According to ANHRI, thousands of demonstrators have been killed and an undisclosed number of individuals have been detained or disappeared since the protests erupted. Meanwhile, the few foreign journalists who have been allowed in are closely minded and given a limited view of what is happening, reports the International Press Institute (IPI).

“It was difficult to tell whether it was staged or if people were coming up to us of their own free will,” CNN’s Arwa Damon told IPI. She was one of the first Western journalists to broadcast from Damascus on the current crisis. “There’s a bit of hostility to foreign media and blaming Western media, especially the United States and Israel. People are very angry and certainly feel passionate about the situation.

“When it came to finding anti-government opinions, it was another process.
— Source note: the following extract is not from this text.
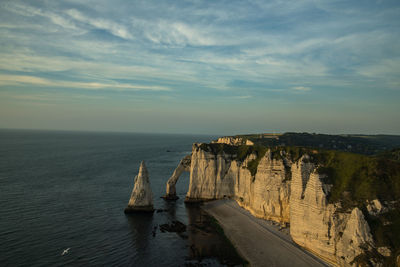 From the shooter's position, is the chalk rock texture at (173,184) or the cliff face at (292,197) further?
the chalk rock texture at (173,184)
People will whisper, walk by while I was talking to someone and say they’re lying, stick notes with messages in my hand” she added. “They want to talk. They’re so desperate and feel they’re being drowned out.”

But Assad shows no sign of backing down, and neither do the protesters. “It’s going to be a long process,” said Damon. “Whichever way it plays out, change has to happen. Activists will tell you that they cannot go back. This is the point of no return. [They’ll say] either the regime falls or the regime has to massacre all of them.”